Task directions: Records follow. Pull out every line that contains "Button".

■ ■ ■ ■

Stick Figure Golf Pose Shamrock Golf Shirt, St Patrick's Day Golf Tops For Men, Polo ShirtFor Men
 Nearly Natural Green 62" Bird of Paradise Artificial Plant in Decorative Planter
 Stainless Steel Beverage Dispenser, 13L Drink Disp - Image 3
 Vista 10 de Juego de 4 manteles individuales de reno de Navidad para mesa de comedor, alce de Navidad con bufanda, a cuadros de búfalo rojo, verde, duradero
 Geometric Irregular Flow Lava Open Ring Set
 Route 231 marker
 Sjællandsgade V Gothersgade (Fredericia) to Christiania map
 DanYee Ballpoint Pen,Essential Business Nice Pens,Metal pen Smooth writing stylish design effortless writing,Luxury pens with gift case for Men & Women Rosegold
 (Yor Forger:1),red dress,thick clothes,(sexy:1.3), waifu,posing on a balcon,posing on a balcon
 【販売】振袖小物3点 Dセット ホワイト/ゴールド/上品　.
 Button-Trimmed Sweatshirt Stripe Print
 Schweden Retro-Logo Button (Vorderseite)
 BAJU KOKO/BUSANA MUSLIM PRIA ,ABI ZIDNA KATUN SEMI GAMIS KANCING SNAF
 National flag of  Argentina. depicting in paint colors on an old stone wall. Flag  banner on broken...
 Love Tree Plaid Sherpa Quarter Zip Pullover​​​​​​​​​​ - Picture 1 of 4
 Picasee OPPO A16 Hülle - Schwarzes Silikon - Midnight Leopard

■ ■ ■ ■

Result for this exercise:
 Button-Trimmed Sweatshirt Stripe Print
 Schweden Retro-Logo Button (Vorderseite)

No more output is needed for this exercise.